Instructions to follow: From the entries, return every line where the string "woman" shows up.
----
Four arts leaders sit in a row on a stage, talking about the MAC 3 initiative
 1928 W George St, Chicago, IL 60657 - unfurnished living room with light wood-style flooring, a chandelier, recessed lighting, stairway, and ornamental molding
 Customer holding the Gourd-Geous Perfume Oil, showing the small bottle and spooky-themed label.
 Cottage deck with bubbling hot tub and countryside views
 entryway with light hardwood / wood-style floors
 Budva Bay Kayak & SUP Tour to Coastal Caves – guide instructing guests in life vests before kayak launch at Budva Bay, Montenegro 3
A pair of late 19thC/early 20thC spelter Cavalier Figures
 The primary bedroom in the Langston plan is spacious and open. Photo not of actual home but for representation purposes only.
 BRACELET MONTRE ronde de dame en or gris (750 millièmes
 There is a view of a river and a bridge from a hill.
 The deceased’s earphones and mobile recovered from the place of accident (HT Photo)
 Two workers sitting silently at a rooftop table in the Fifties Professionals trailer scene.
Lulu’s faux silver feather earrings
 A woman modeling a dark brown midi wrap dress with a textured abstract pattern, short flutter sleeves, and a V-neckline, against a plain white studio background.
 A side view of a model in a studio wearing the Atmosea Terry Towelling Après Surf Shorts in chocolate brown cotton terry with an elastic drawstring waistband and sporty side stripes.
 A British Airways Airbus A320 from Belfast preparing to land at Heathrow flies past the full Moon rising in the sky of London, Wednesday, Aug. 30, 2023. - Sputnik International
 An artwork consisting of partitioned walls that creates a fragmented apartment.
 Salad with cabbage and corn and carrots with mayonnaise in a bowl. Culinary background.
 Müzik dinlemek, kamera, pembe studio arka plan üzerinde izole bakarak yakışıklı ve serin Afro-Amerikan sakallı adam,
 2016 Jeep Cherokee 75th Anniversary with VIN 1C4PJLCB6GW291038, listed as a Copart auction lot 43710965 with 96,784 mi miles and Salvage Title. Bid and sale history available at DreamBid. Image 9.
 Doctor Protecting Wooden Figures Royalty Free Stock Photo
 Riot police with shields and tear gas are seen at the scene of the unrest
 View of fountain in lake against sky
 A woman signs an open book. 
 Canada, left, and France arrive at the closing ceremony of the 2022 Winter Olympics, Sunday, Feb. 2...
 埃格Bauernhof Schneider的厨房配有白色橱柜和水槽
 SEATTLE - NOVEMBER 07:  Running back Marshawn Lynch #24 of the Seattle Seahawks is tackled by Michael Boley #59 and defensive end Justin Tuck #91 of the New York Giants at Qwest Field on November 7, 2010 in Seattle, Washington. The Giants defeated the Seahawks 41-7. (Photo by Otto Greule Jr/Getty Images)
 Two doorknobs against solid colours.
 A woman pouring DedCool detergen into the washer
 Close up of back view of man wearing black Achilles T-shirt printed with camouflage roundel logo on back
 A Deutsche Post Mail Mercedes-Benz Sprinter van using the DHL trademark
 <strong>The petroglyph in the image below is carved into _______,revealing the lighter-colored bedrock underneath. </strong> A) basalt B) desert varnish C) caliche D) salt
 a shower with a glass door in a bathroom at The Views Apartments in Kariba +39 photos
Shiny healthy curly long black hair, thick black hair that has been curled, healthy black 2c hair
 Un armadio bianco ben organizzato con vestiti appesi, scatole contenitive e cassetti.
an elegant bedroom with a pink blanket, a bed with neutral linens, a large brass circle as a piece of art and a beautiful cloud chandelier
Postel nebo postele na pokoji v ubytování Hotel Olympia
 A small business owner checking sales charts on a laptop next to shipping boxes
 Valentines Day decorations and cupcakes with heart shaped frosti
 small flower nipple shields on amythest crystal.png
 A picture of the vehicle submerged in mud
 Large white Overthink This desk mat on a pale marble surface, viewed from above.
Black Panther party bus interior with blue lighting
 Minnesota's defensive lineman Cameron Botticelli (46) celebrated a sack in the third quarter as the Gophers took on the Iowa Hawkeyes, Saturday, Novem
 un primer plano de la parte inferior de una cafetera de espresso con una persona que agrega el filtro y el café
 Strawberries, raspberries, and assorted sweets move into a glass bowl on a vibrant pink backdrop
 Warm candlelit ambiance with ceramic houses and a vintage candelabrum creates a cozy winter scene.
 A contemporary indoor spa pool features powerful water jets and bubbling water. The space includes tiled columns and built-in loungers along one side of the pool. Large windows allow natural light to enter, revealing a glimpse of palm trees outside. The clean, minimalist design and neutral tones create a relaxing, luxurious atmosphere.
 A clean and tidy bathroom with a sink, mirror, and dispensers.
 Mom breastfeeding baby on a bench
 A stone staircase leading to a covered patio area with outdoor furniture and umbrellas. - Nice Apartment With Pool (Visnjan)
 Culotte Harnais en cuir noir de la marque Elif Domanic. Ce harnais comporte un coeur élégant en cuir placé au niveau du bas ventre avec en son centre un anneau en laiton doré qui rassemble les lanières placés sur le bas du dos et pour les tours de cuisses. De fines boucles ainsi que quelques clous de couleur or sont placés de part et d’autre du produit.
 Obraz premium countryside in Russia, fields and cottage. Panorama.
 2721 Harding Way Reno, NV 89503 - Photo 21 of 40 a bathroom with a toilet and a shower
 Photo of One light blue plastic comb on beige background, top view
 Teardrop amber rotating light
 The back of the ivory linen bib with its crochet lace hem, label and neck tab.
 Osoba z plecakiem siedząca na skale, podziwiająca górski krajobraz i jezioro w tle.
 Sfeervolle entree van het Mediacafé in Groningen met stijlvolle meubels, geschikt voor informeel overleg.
----
Exercise result:
 A woman modeling a dark brown midi wrap dress with a textured abstract pattern, short flutter sleeves, and a V-neckline, against a plain white studio background.
 A woman signs an open book. 
 A woman pouring DedCool detergen into the washer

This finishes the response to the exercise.